* **Information provided**
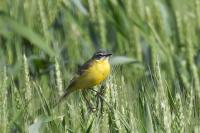 Motacilla flava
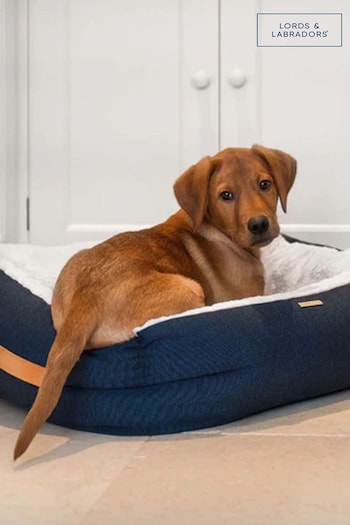Lords and Labradors Blue Essentials Twill Oval Dog Bed (Q99916) | £60 - £80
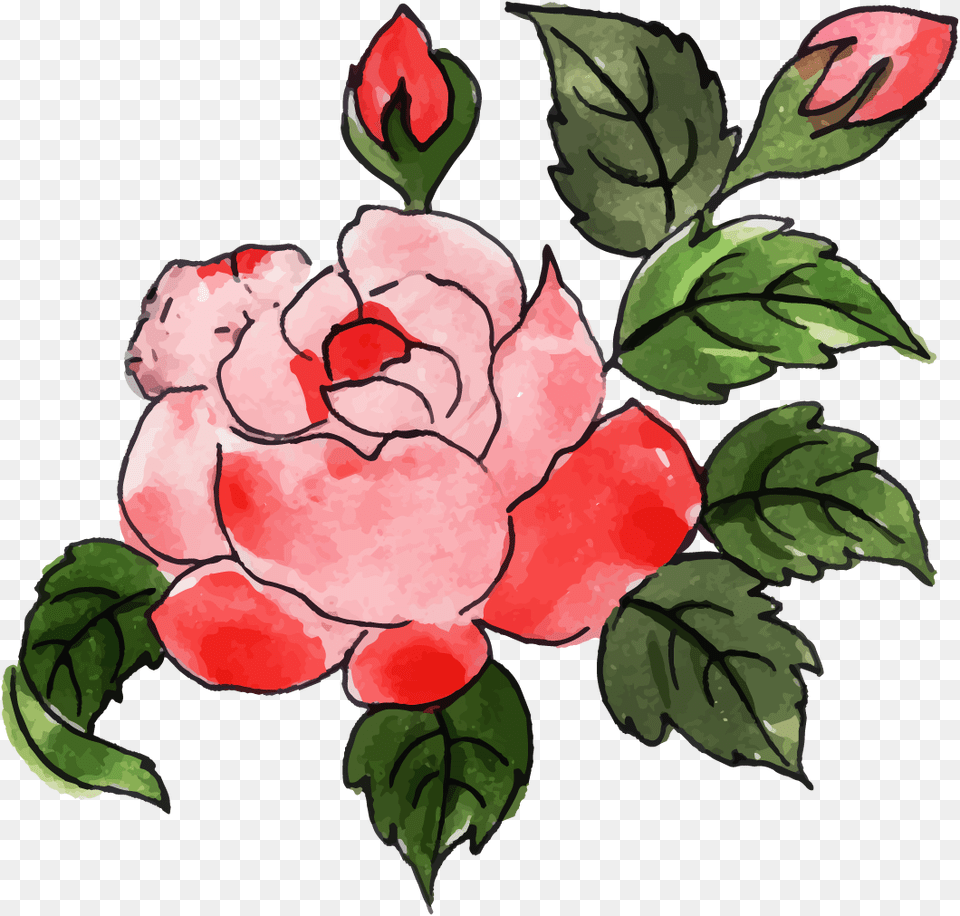 Garden Roses, Flower, Plant, Rose, Pattern Png Image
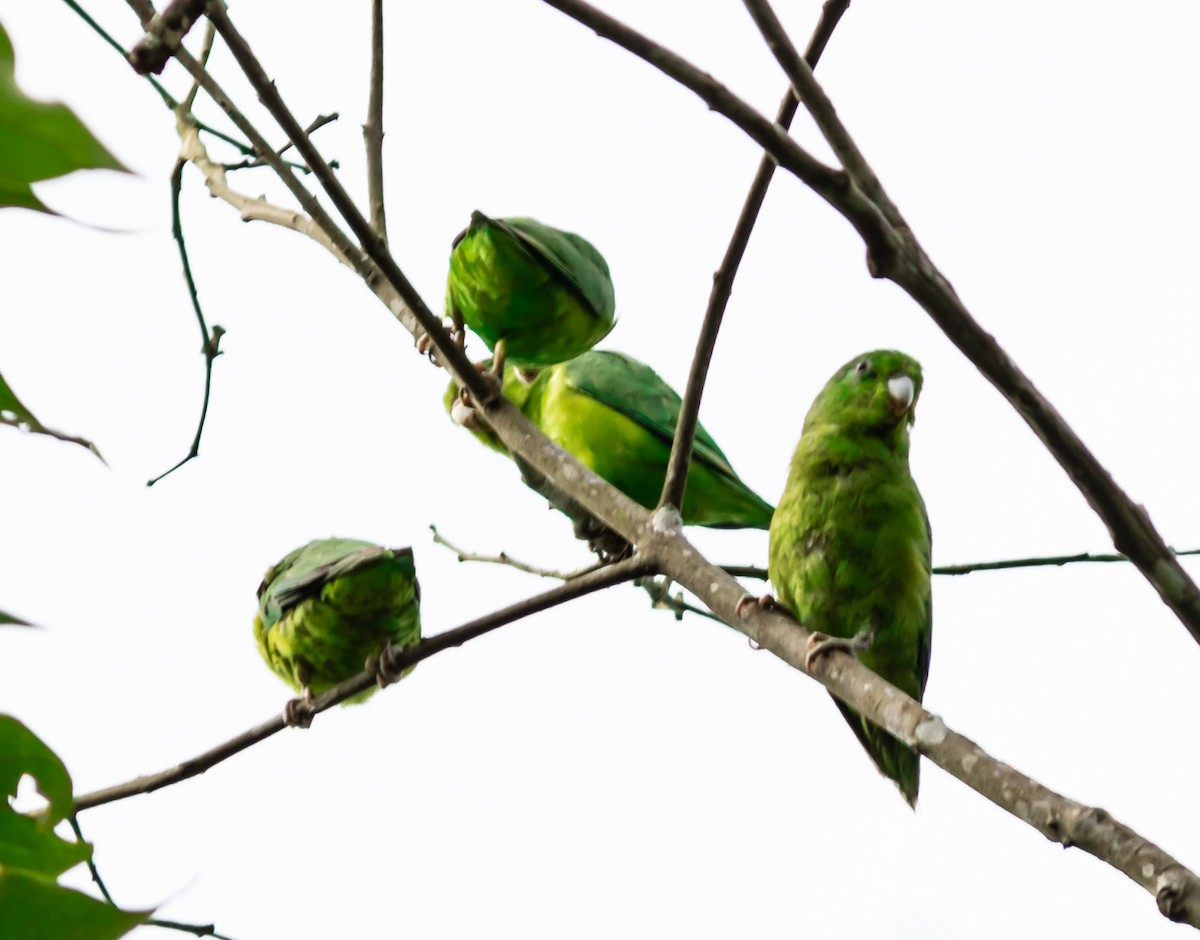 Cobalt-rumped Parrotlet - ML248079031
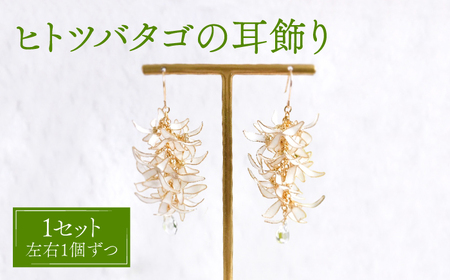 ヒトツバタゴ 耳飾り ( ピアス / イヤリング 選択可能 ) アメリカンフラワー フック おしゃれ アクセサリー  [WBP004]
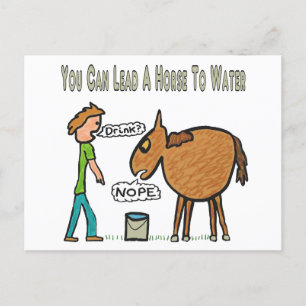 You Can Lead A Horse To Water Postcard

* **The problem**
Restate each record from above word for word, excluding any picture it holds.

* **Answer for the task**
 Motacilla flava
Lords and Labradors Blue Essentials Twill Oval Dog Bed (Q99916) | £60 - £80
 Garden Roses, Flower, Plant, Rose, Pattern Png Image
 Cobalt-rumped Parrotlet - ML248079031
 ヒトツバタゴ 耳飾り ( ピアス / イヤリング 選択可能 ) アメリカンフラワー フック おしゃれ アクセサリー  [WBP004]
 You Can Lead A Horse To Water Postcard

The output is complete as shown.